Of course, as with any adventure game, nothing in Demetrios is simple. Bjorn will have to deal with a price-gouging ice cream man, his neighbor’s back-talking daughter, and plenty of other colorful characters along the way. Genre-typical item combinations and puzzles also feature heavily throughout gameplay alongside a variety of minigames including fishing, racing, and carnival claw machines, to name a few.
Beneath its veneer of crass jokes and misanthropy, Demetrios is a reasonably solid adventure game. Well-drawn scenes present a vivid world, and even offer a hidden-object task within each location. Each screen hides three (very small) cookies, which can be sought out both for completion’s sake and to be used for hints on how to proceed if players get stuck. This dual purpose provides ample justification for players to comb every new locale, and keeps the game moving along nicely when necessary.
Demetrios also shakes things up, with each chapter opening up new places to explore and tasks to complete. Even after Bjorn has seen his assailant put behind bars, the mystery remains as to the thief’s true motivations. The trail leads to the insular nation of Nogo, the origin of the bizarre statue at the center of the earlier robbery. A new cast of characters and challenges to overcome await, with plenty of the game’s rude humor to accompany them.

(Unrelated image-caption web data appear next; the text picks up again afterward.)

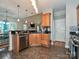 Features stainless dishwasher, granite countertops, wood cabinets, and tiled floors at 3409 Valdosta Ct, Monroe, NC 28110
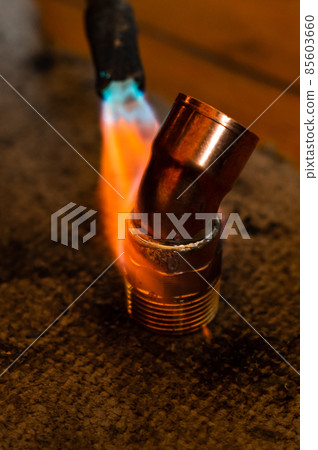 Copper soldering, work process of installation and soldering of copper pipes to the heating fireplace. 85603660
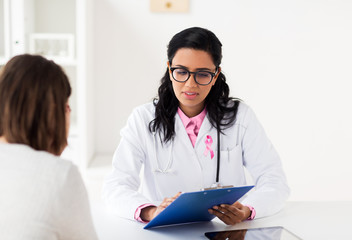 doctor with pink awareness ribbon and patient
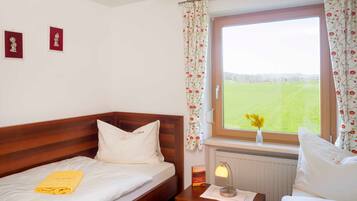 Une chambre à coucher avec un lit en bois, une table de chevet avec une lampe, une fenêtre ornée de rideaux à motifs floraux et une vue sur un champ verdoyant.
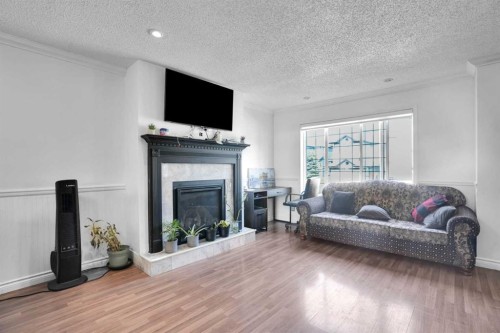 156 Saddlecrest Place Ne, Calgary, AB - Indoor Photo Showing Living Room With Fireplace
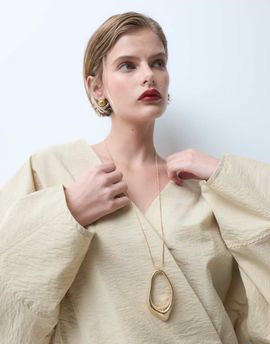 ASOS DESIGN ASOS DESIGN long necklace with abstract pendant in gold tone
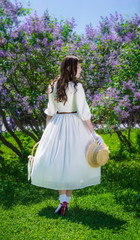 Obraz na płótnie Canvas Woman with a basket in her hands in a walk in garden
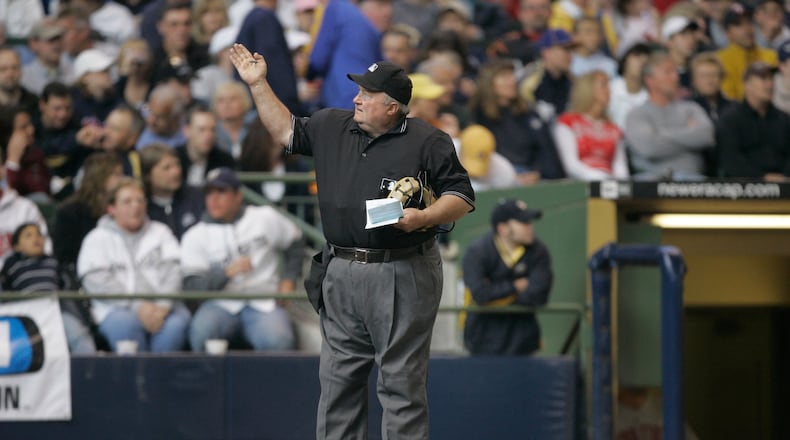 FILE - Home plate umpire Bruce Froemming signals to the official scorer during the fifth inning of a baseball game May 20, 2007, in Milwaukee. (AP Photo/Morry Gash, File)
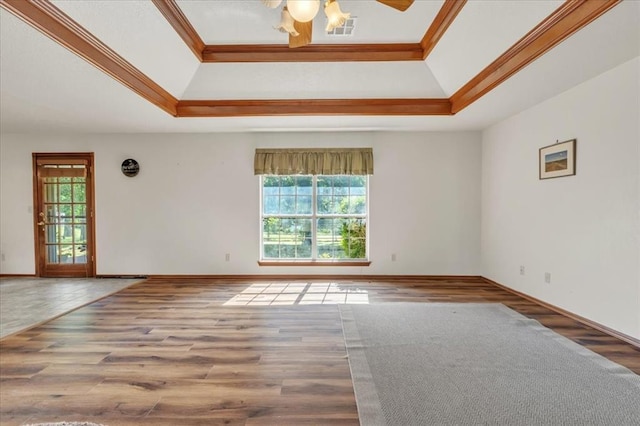 826 Stone Dr, Blanchard, OK 73010 - empty room featuring a raised ceiling, ornamental molding, wood finished floors, ceiling fan, and baseboards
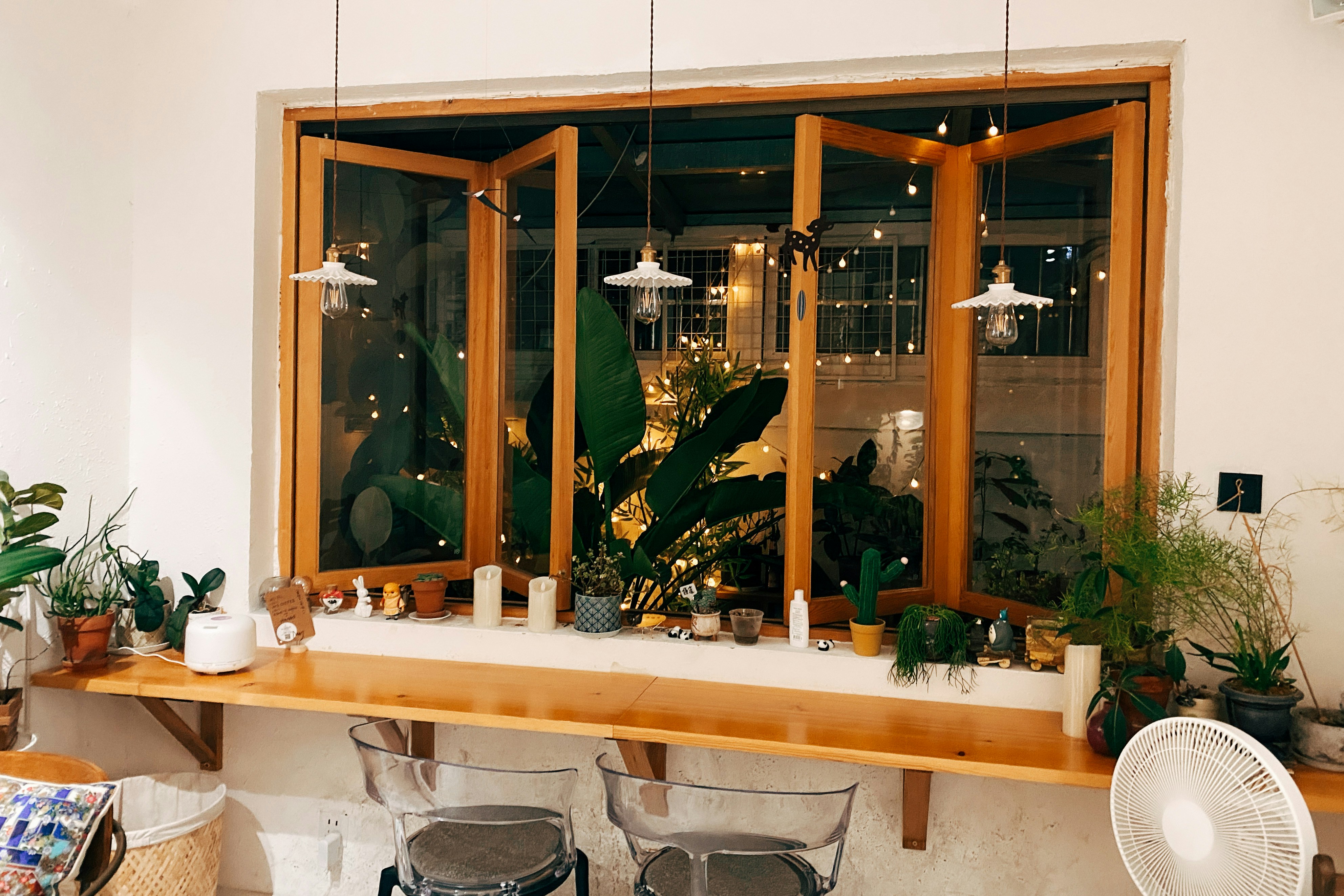green potted plant on white ceramic sink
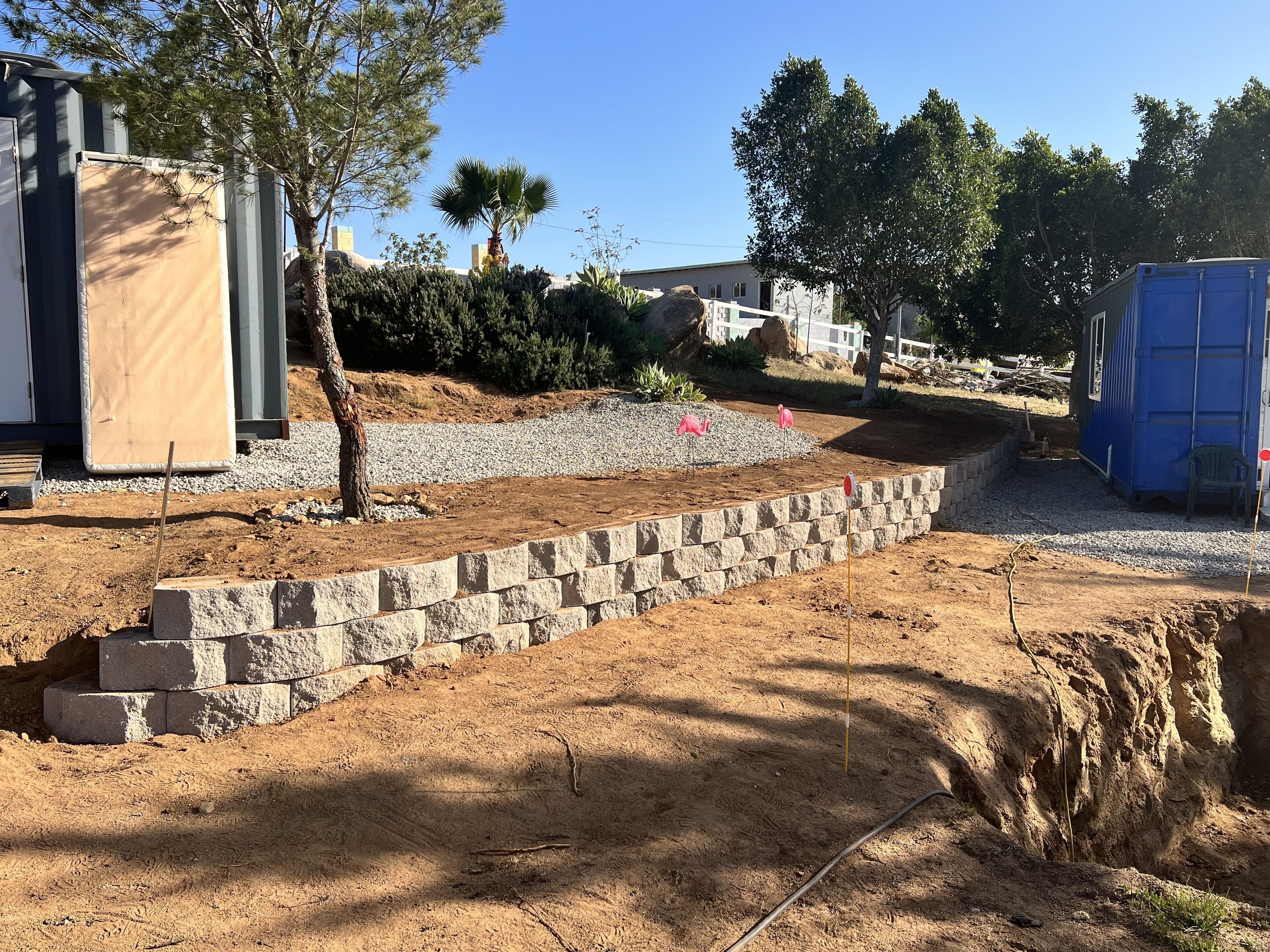 A construction site with a stone retaining wall, a small tree, and a blue container.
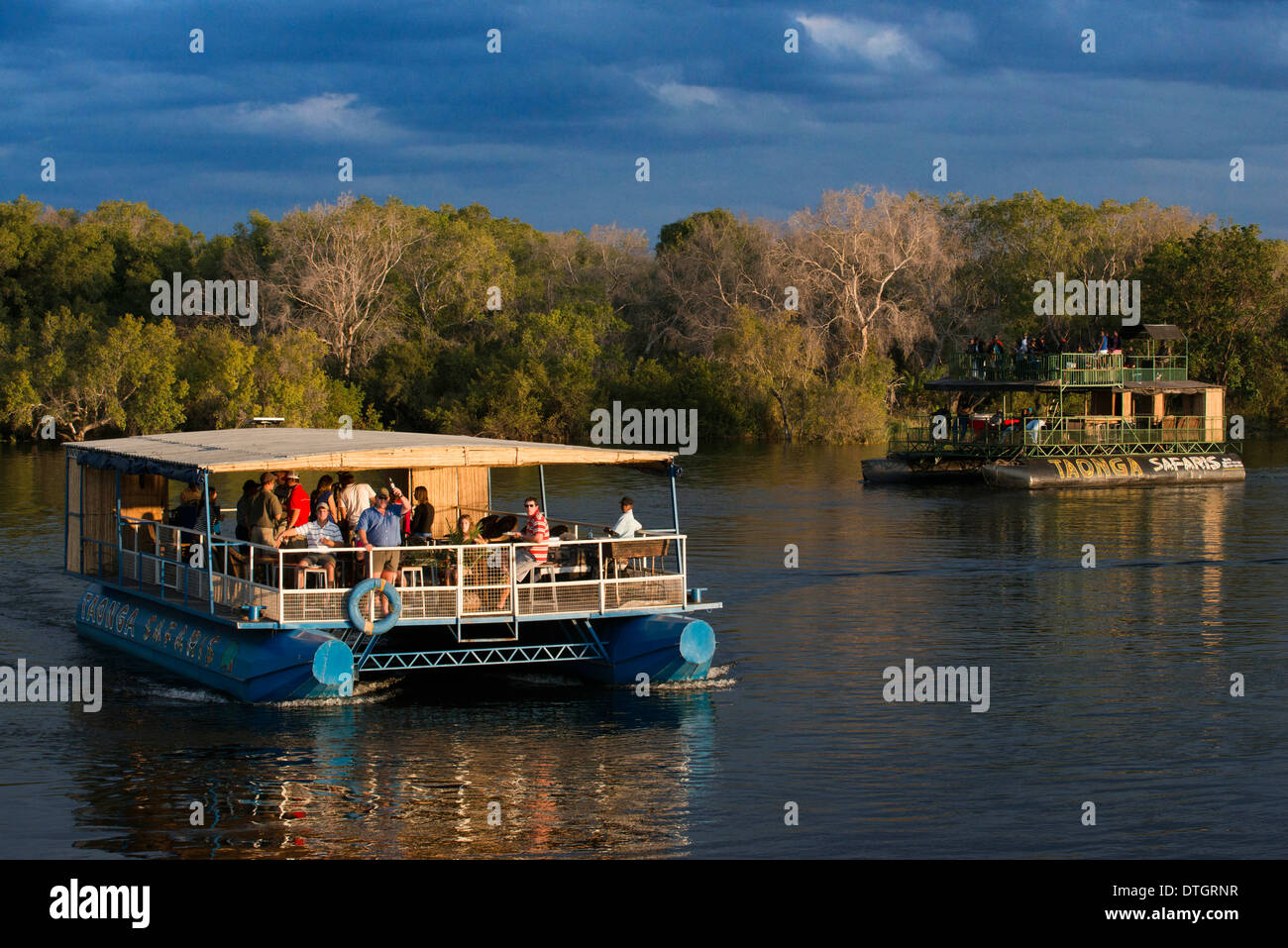 Cruise along the Victoria Falls aboard the ' African Queen'.  Other boats sailing in the Zambezi River. Victoria Falls is famous Stock Photo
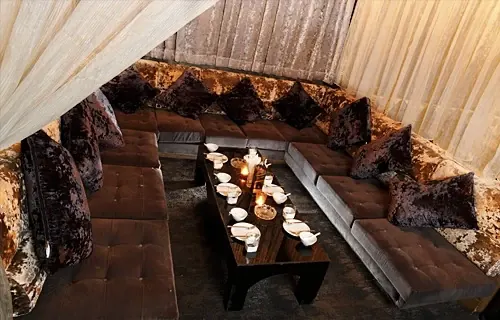 A large curtained VIP sofa set with a low table and candles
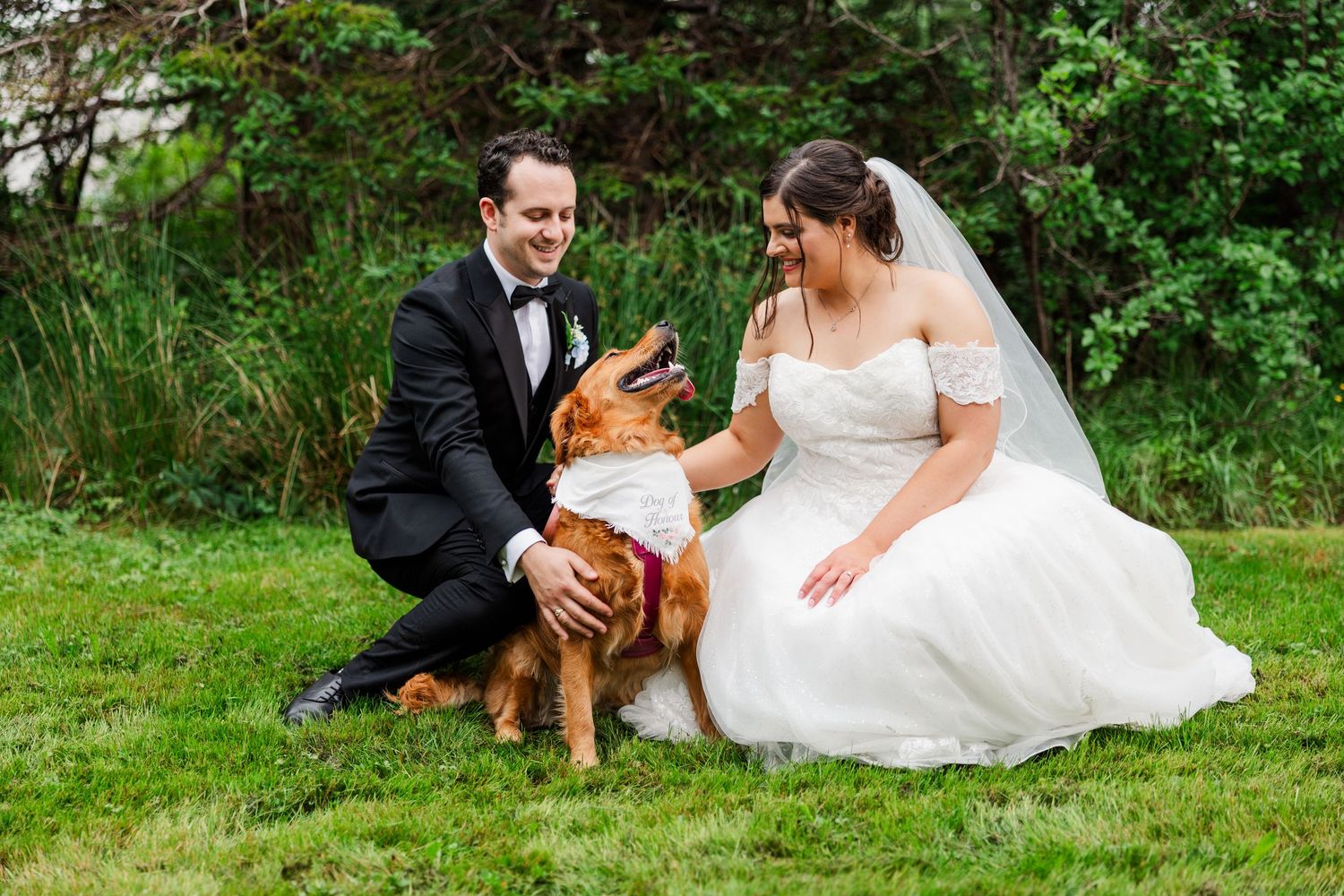 Bride and groom in wedding attire smiling while petting their golden retriever dog on a green lawn.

With its hand-drawn environments, plentiful jokes, and reasonable 8-12 hours of play, Demetrios has a lot going for it. Since a heaping helping of hints can be found along the way, even those who aren’t as puzzle-savvy can even find their way through this bizarre mystery. While the style may not fit with everyone’s preferences, those who don’t mind the crude approach are likely to get their money’s worth for the $9.99 price tag on the game’s official website, or on Steam.